Jak przyznaje gmina dopłaca 2000 zł do wymiany pieców, samorząd organizuje również konsultacje z programu Czyste Powietrze. Niestety jak twierdzi zainteresowanie jest nikłe, maksymalnie przychodzi do 10 osób. Brakuje również służb, które monitorowałaby jakość opału wykorzystywanego w domowych kotłach.

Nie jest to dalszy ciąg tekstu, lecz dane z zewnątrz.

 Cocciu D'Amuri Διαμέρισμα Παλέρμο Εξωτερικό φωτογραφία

„Latem jest u nas pięknie. Czyste powietrze, aż żyć się chce. Zimą jest ciężko. Są godziny gdzie ludzie zaczynają palić czym popadnie. Pytam znajomych, czy nie myśleli o zmianie sposobu ogrzewania na gazowy, szczególnie, że w całym mieście jest sieć gazowa. Odpowiadają, że boją się. Padają argumenty, że gaz wybuchnie, instalacja się rozszczelni choć nowoczesne kotły są bezpieczne i posiadają wewnętrzną komorę spalania, która nie pobiera także powietrza z pomieszczenia, jak w modelach sprzed lat. Do tego są one wyposażone w zabezpieczenia, które taki piec wyłączą w momencie zagrożenia” – podsumowuje.

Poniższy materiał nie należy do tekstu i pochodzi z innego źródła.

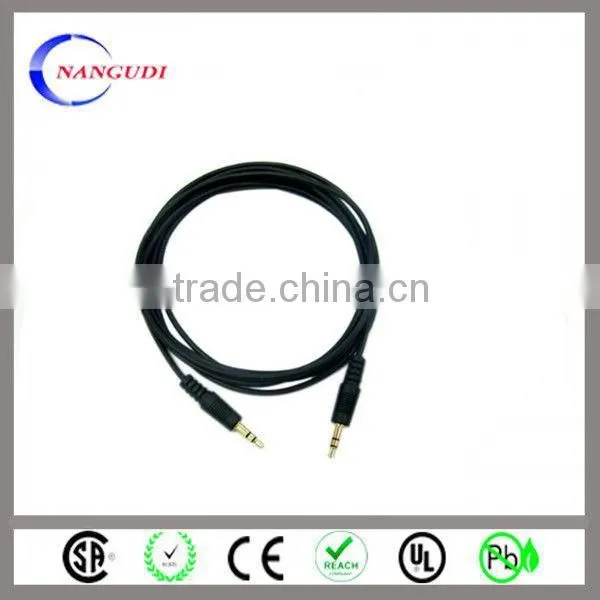 av cable 21pin cable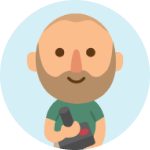 Sago Mini's Richard Hilmer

Jak przyznaje jego celem jest uświadomienie ludziom, że spalanie odpadów i opału słabej jakości wpływa niekorzystnie na zdrowie i środowisko, w którym codziennie wspólnie żyjemy i oddychamy.
Oddolna inicjatywa
Okazuje się, że takich osób jak Pan Maciej jest w całym kraju wiele i nie wiadomo, czy sytuacja nie byłaby jeszcze gorsza gdyby nie ich determinacja, by nagłośnić problem niskiej emisji. Dzięki nim wiele samorządów zostało wręcz przymuszonych do działania i nie chodzi tu tylko o organizację edukacyjnych pogadanek, a realną pomoc w postaci dopłat do wymiany przestarzałych kotłów. Nie bez znaczenia była również presja ruchu antysmogowego na wyeliminowanie z rynku odpadu węglowego – mułów, flotów oraz najgorszych miałów węglowych czy też wprowadzenia przez samorządy uchwał antysmogowych.

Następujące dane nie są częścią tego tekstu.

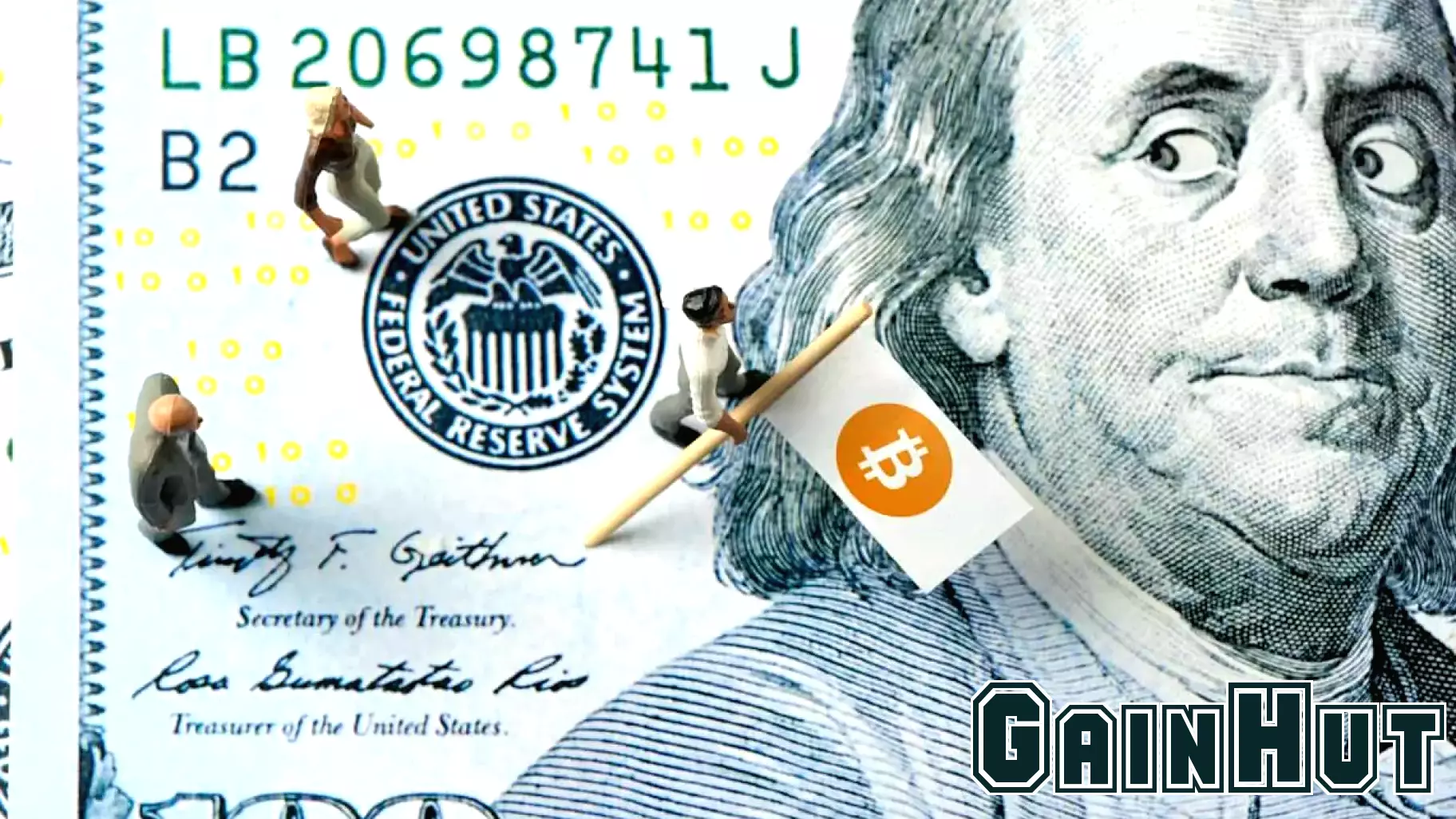 A Promising Financial Services Stock for Fintech Enthusiasts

Dziś do alarmu smogowego należy kilkadziesiąt lokalnych inicjatyw, których celem jest działanie na rzecz poprawy jakości powietrza. Na stronie internetowej Polskiego Alarmu Smogowego możemy przeczytać, iż „zrzesza ludzi, których łączy jeden cel – Polska wolna od smogu. Nasz ruch zrodził się jako wyraz buntu przeciw bierności władz wobec problemu zanieczyszczonego powietrza. Choć od czasu, kiedy Alarm Smogowy zaczynał swoją działalność, dużo się zmieniło – świadomość społeczeństwa znacząco wzrosła, a tematem smogu zaczęli interesować się politycy – to jednak wciąż długa droga dzieli nas od osiągnięcia naszego celu”.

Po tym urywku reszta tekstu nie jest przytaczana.